Program to count leaf nodes in a binary tree

getLeafCount(node)
1) If node is NULL then return 0.
2) Else If left and right child nodes are NULL return 1.
3) Else recursively calculate leaf count of the tree using below formula.
    Leaf count of a tree = Leaf count of left subtree + 
                                 Leaf count of right subtree

Implementation:
#include <stdio.h>
#include <stdlib.h>
/* A binary tree node has data, pointer to left child
and a pointer to right child */
struct node
{
int data;
struct node* left;
struct node* right;
};
/* Function to get the count of leaf nodes in a binary tree*/
unsigned int getLeafCount(struct node* node)
{
if(node == NULL)
return 0;
if(node->left == NULL && node->right==NULL)
return 1;
else
return getLeafCount(node->left)+getLeafCount(node->right);
}
/* Helper function that allocates a new node with the
given data and NULL left and right pointers. */
struct node* newNode(int data)
{
struct node* node = (struct node*)
malloc(sizeof(struct node));
node->data = data;
node->left = NULL;
node->right = NULL;
return(node);
}
/*Driver program to test above functions*/
int main()
{
/*create a tree*/
struct node *root = newNode(1);
root->left = newNode(2);
root->right = newNode(3);
root->left->left = newNode(4);
root->left->right = newNode(5);
/*get leaf count of the above created tree*/
printf("Leaf count of the tree is %d", getLeafCount(root));
getchar();
return 0;
}
Time Complexity : O(n)
Proof:
T(n) = T(k) + T(n – k – 1) + c
Where k is the number of nodes on one side of root and n-k-1 on the other side.

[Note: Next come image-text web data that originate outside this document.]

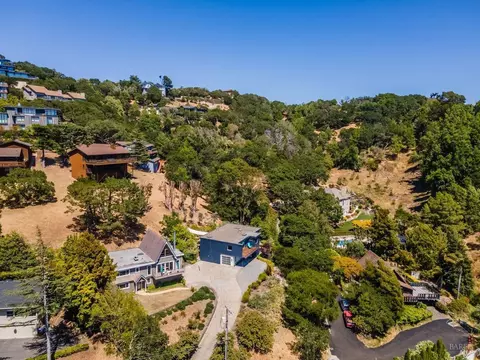 444 Sausalito St, Corte Madera, CA 94925 photo 34
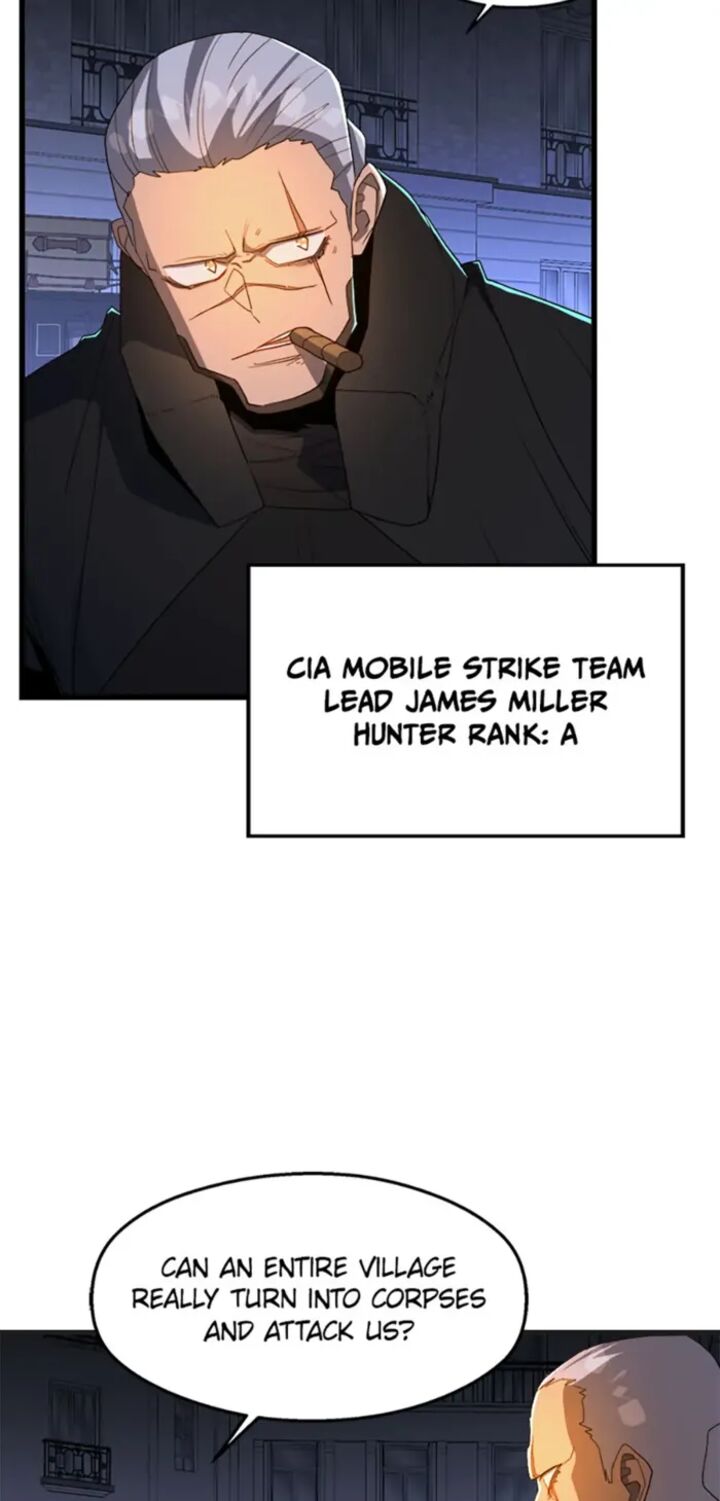 The Strongest Unemployed Hero Chapter 79 Page 56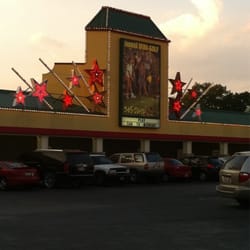 Indoor Mini Golf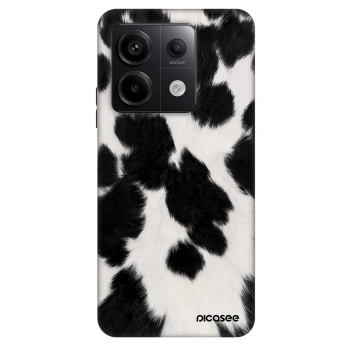 Hülle für Xiaomi Redmi Note 13 Pro 5G - Black Moo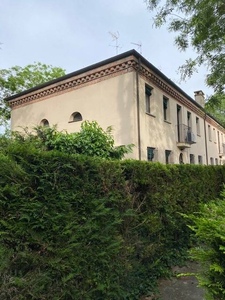 Villa in vendita, Copparo saletta - c? matte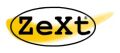 Zext logo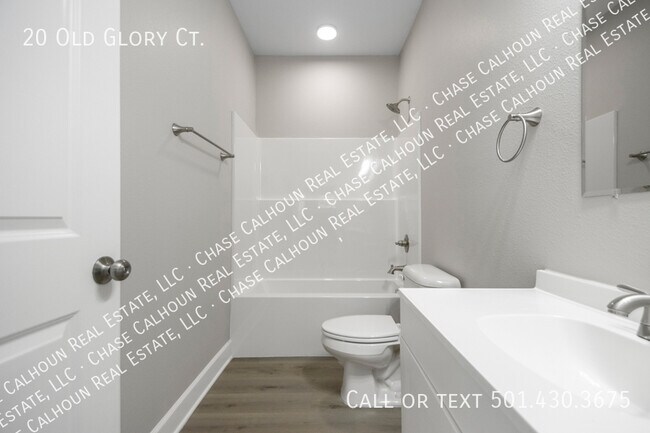Building Photo - 20 Old Glory Ct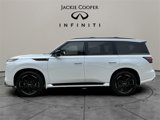 New 2026 INFINITI QX80 Sensory image 2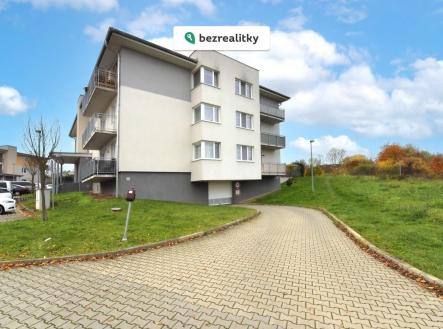 Prodej bytu, 3+kk, 70 m² obrázek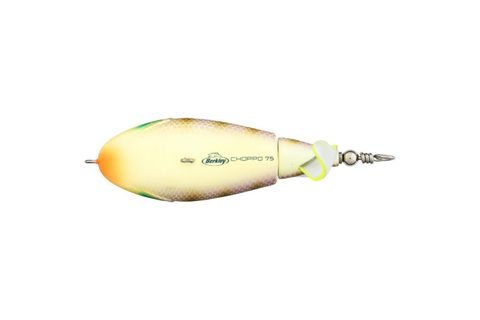 Berkley Wobler Choppo MF Bluegill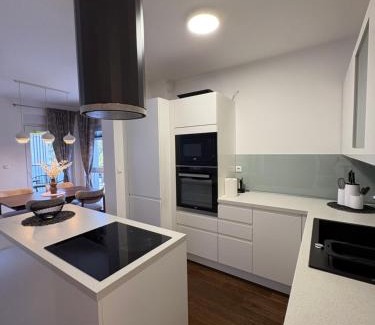 Mali Radic Apartment | Apartment Alma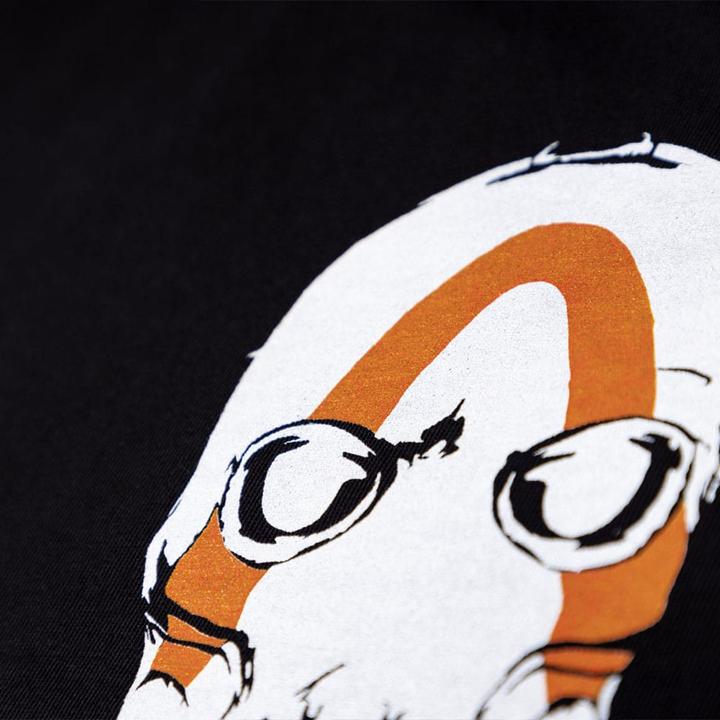 Produktbild DEVplus Borderlands T-Shirt Psycho Grösse S (S)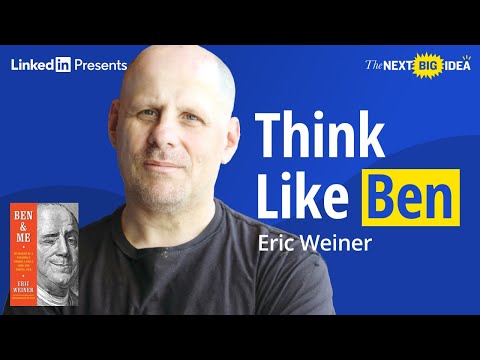 Secrets of Ben Franklin's Long and Useful Life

Let’s do analysis of boundary conditions
Case 1: Skewed tree (One of the subtrees is empty and other subtree is non-empty )
k is 0 in this case.
T(n) = T(0) + T(n-1) + c
T(n) = 2T(0) + T(n-2) + 2c
T(n) = 3T(0) + T(n-3) + 3c
T(n) = 4T(0) + T(n-4) + 4c
…………………………………………
………………………………………….
T(n) = (n-1)T(0) + T(1) + (n-1)c
T(n) = nT(0) + (n)c
Value of T(0) will be some constant say d. (traversing a empty tree will take some constants time)
T(n) = n(c+d)
T(n) = (-)(n) (Theta of n)
Case 2: Both left and right subtrees have equal number of nodes.
T(n) = 2T(|_n/2_|) + c
This recursive function is in the standard form (T(n) = aT(n/b) + (-)(n) ) for master method http://en.wikipedia.org/wiki/Master_theorem. If we solve it by master method we get (-)(n)
Auxiliary Space : If we don’t consider size of stack for function calls then O(1) otherwise O(n).